Recombinant Escherichia coli O127:H6 Cardiolipin synthase (cls)

Basic Research Questions

• What is Cardiolipin synthase (cls) and what is its function in Escherichia coli O127:H6?

  Cardiolipin synthase (cls) is a membrane-bound enzyme belonging to the phospholipase D superfamily that catalyzes the formation of cardiolipin (CL), a key phospholipid in bacterial membranes. In E. coli O127:H6, cardiolipin typically constitutes 5-15% of the phospholipid content depending on growth phase and culture conditions, with the remainder primarily being phosphatidylethanolamine (PE) and phosphatidylglycerol (PG) . Cardiolipin plays critical roles in membrane structure, osmotic stress responses, and the proper functioning of membrane proteins, particularly in energy-transducing systems. The enzyme catalyzes condensation reactions that form the characteristic four-acyl chain structure of cardiolipin from precursor phospholipids .

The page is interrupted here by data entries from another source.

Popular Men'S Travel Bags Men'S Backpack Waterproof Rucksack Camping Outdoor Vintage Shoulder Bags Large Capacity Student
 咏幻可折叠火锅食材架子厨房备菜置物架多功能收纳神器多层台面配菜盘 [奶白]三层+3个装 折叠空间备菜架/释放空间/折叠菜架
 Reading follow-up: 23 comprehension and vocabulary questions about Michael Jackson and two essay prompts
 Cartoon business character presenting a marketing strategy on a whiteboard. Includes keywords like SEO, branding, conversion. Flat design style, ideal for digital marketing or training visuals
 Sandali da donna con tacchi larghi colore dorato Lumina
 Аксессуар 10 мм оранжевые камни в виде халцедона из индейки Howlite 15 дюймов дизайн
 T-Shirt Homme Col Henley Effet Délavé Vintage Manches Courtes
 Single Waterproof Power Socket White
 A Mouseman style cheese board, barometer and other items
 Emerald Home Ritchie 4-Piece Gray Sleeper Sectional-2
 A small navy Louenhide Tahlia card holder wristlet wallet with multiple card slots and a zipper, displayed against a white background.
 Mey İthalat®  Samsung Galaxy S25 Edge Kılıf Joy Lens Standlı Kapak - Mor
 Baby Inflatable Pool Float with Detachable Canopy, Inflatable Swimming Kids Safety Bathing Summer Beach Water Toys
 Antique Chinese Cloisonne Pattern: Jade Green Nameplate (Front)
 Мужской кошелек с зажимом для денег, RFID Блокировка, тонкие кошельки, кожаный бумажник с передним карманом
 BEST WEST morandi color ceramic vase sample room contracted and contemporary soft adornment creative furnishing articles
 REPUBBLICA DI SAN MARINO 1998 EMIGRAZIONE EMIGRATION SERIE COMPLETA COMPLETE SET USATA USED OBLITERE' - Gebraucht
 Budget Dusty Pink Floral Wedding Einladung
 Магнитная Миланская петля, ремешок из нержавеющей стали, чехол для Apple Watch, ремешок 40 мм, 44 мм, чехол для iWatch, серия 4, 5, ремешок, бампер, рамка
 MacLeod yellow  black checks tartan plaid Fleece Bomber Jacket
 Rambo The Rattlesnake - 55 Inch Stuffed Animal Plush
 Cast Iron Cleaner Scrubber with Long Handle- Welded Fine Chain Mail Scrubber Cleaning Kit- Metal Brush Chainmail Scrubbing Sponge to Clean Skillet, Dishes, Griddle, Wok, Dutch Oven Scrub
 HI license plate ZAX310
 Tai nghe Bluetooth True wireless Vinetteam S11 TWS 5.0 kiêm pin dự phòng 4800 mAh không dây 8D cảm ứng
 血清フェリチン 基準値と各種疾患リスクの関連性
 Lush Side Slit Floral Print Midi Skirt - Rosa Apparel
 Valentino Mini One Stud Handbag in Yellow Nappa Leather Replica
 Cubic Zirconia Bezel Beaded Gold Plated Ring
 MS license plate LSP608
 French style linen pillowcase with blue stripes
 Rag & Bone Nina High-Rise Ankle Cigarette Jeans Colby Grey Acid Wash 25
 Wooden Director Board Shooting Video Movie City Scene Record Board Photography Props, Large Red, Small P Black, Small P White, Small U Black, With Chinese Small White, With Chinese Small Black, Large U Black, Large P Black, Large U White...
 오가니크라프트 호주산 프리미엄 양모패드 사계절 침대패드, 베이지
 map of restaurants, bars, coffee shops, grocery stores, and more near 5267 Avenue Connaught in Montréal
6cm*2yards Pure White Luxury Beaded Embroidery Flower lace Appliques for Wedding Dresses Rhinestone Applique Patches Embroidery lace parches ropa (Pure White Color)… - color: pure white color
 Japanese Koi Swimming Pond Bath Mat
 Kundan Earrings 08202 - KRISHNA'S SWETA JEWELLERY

• How many types of Cardiolipin synthases are present in E. coli and how do they differ?

  E. coli possesses three distinct cardiolipin synthases, each with unique characteristics:

  Enzyme	Encoding Gene	Original Gene Name	Substrate Preference	Expression Pattern
  ClsA	clsA	cls	Two PG molecules	All growth phases
  ClsB	clsB	ybhO	Two PG molecules	Primarily stationary phase
  ClsC	clsC	ymdC	PE and PG	Requires YmdB co-expression

  While ClsA and ClsB catalyze the condensation of two phosphatidylglycerol (PG) molecules to form cardiolipin and glycerol, ClsC uniquely utilizes phosphatidylethanolamine (PE) as the phosphatidyl donor to PG, demonstrating a third and distinct mechanism for cardiolipin synthesis . All three enzymes belong to the phospholipase D superfamily but differ in their catalytic efficiency and regulation patterns .

• What expression systems are recommended for producing recombinant E. coli O127:H6 Cardiolipin synthase?

  For recombinant expression of E. coli O127:H6 Cardiolipin synthase, E. coli itself serves as an effective expression host. The methodological approach typically involves:

  1. Gene amplification from E. coli O127:H6 genomic DNA

  2. Cloning into expression vectors containing appropriate promoters (such as arabinose-inducible pBAD30)

  3. Transformation into expression strains (preferably deficient in endogenous cls genes for functional studies)

  4. Induction with appropriate agents (0.2% arabinose has been successfully used)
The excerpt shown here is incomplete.